転職を検討する際は、まず自分のキャリアプランや働き方の希望をしっかりと整理することが大切です。どのような職種で、どんな条件の下で働きたいのか、明確にしておきましょう。そうすることで、自分に合った求人を効率的に探すことができます。
また、転職活動中は、現在の勤務先を辞めるタイミングにも注意が必要です。「転職先が決まってから退職する」というのが基本的な流れですが、会社によっては退職の意思を伝える時期が決まっている場合もあります。

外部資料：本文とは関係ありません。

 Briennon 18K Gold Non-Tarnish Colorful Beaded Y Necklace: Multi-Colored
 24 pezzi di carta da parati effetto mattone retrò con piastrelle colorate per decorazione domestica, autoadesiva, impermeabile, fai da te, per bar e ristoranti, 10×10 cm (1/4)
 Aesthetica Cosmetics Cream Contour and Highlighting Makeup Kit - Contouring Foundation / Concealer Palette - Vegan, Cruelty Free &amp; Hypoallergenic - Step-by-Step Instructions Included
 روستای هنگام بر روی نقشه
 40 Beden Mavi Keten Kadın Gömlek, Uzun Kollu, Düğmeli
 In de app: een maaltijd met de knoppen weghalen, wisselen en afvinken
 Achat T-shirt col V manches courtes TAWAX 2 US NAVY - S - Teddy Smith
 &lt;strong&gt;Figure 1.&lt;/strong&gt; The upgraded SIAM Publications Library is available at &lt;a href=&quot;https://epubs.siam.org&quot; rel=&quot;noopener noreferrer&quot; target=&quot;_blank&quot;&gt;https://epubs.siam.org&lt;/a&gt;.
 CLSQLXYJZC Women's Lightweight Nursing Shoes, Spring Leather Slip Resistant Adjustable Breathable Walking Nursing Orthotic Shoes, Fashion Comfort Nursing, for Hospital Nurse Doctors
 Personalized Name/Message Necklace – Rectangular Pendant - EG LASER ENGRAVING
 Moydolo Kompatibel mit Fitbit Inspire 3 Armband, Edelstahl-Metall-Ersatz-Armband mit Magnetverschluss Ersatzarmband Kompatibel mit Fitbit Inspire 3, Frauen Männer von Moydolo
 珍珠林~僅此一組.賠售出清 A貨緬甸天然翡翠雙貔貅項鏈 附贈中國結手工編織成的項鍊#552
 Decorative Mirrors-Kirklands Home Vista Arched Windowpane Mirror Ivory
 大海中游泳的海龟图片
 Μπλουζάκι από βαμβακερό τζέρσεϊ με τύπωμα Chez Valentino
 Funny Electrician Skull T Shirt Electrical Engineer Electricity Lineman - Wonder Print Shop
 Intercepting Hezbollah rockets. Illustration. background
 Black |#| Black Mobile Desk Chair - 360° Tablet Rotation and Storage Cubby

社内規定をよく確認し、スケジュールに余裕を持って進めることをおすすめします。
転職先が決まる前に現在の職を辞めてしまうと、一時的に収入がなくなってしまうリスクがあり、特に外国人の方の場合、在留資格の関係で無職の期間を作れないケースもあるでしょう。慎重に、計画的に転職活動を進めていくことが大切です。
日本で転職する場合の注意点
上記の転職の流れにおいて、いくつか注意点があります。
まず、転職の目的や目標を明確にすることが重要です。たとえば、以下のようなものが考えられます。
- 今より年収の高い仕事に転職する
- 今より年間休日が多い仕事に転職する
- 今より休みが取りやすい仕事に転職する
「転職してどんな働き方をしたいのか」「どのようなキャリアを描きたいのか」といったビジョンを持つことが、転職成功の鍵となります。
次に、転職のタイミングにも気をつける必要があります。一般的には、「転職先が決まってから現在の職場に退職の意思を伝える」という流れが望ましいでしょう。
退職の申し出は、民法上「退職日の2週間前」までに申し出ると定められています。ただし、会社によっては就業規則で退職の申し出時期が決まっている場合もあります。たとえば「退職の1ヶ月前までに申し出ること」といった規定です。この場合、退職予定日の1ヶ月以上前に内定を得ている必要があります。
転職先との入社日の調整も必要になってくるので、十分な余裕を持って転職活動を進めることが大切です。スケジュール管理を怠ると、現在の職を辞めたあとに収入が途絶えてしまうリスクがあり、特に外国人の方の場合、在留資格の関係で無職期間を作れないケースもあるかと思います。
また、日本の企業は、働いていない期間(いわゆる「空白期間」)がある人をあまり好まない傾向にあります。「この期間は何をしていたのか」「仕事への意欲が低いのでは?」「すぐに辞めてしまうのではないか?」といった疑念が生まれてしまう可能性があるのです。転職の際は、空白期間を作らないように気をつけましょう。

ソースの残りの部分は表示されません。